AIM OF THE TASK » Copy each line of the entries below that contains the string "Galaxy".

TASK MATERIAL »
────────────────

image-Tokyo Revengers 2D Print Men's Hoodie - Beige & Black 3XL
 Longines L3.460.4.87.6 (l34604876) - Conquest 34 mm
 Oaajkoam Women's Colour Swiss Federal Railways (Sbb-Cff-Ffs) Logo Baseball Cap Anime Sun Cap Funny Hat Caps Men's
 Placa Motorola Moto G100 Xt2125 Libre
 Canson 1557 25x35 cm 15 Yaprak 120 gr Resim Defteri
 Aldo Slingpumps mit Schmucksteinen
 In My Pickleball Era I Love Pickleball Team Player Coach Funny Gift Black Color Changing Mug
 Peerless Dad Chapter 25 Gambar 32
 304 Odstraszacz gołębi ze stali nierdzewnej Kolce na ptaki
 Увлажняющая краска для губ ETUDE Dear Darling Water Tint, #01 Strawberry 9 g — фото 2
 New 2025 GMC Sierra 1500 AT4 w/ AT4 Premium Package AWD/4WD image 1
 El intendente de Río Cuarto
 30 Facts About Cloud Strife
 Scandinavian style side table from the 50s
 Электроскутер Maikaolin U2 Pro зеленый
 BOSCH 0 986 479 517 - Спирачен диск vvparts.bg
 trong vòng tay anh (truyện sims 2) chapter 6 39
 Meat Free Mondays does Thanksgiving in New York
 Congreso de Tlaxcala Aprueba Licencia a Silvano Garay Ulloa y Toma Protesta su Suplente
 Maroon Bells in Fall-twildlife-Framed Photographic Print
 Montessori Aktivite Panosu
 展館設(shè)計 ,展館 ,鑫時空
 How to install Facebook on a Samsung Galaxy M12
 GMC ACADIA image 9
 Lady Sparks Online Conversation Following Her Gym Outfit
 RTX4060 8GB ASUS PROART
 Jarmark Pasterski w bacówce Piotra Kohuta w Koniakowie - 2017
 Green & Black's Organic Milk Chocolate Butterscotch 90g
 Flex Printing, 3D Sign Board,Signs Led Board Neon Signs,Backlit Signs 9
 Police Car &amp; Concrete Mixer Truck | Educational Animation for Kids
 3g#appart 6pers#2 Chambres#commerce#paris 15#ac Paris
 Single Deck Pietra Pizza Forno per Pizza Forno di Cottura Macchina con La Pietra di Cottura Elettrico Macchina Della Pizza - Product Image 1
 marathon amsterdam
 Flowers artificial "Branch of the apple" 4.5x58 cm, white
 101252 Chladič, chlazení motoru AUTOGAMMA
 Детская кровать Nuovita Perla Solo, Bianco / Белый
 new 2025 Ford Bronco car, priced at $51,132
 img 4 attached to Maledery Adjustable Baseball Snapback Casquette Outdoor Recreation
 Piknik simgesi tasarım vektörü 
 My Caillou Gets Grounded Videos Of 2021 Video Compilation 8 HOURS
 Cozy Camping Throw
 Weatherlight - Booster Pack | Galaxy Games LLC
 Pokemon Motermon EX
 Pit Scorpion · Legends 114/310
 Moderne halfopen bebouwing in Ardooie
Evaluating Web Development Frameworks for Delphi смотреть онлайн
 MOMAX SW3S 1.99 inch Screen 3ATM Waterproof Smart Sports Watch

────────────────

TASK SOLUTION »
 How to install Facebook on a Samsung Galaxy M12
 Weatherlight - Booster Pack | Galaxy Games LLC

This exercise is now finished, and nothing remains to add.